* **Task objective**: Copy, with no pictures, the line that contains "Happiness Is Having" and each line after it down to the end of the entries below, exactly.

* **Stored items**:
=======

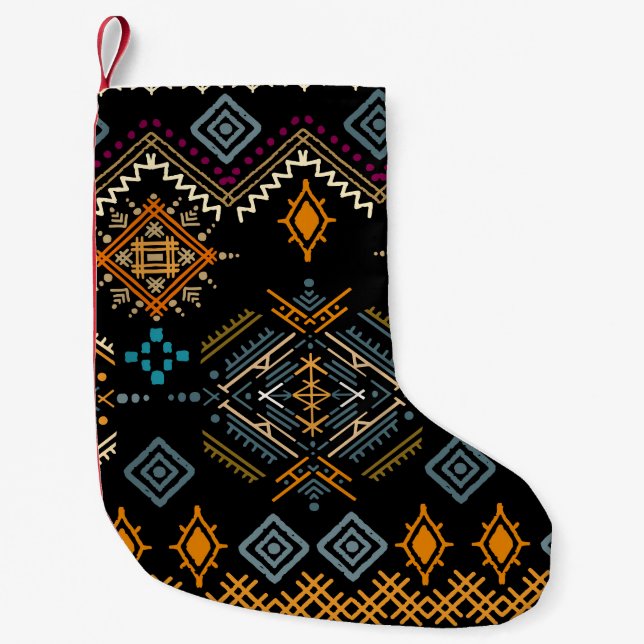 Ethnic Boho Ornament Seamless Pattern Small Christmas Stocking (Front)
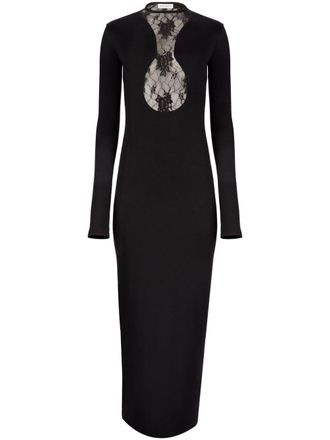 Nina Ricci lace-panelling maxi dress - Black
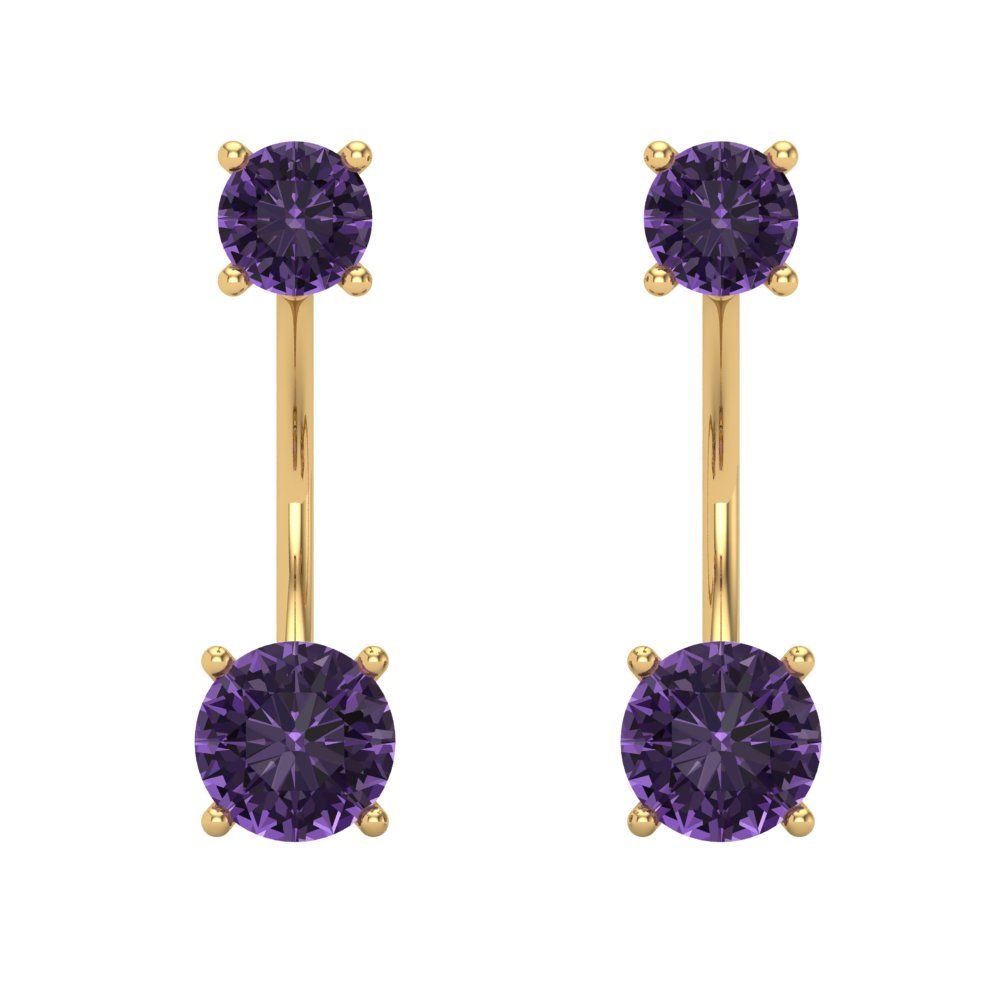 3cttw Alexandrite Gold-Plated 925 Silver Screw Back Stud Earrings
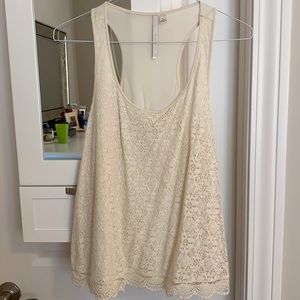 Cream Lace Racer Back Tank Top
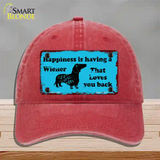 Happiness Is Having A Wiener Novelty License Plate Hat Unconstructed Cotton / Red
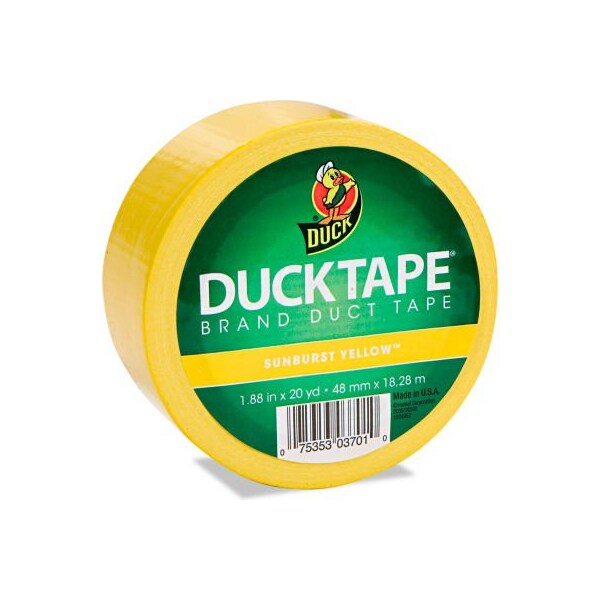 Shurtech Brands Duck Colored Duct Tape, 1.88"W x 20 yds - 3" Core - Yellow - 1304966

=======

* **Task output**:
 Happiness Is Having A Wiener Novelty License Plate Hat Unconstructed Cotton / Red
 Shurtech Brands Duck Colored Duct Tape, 1.88"W x 20 yds - 3" Core - Yellow - 1304966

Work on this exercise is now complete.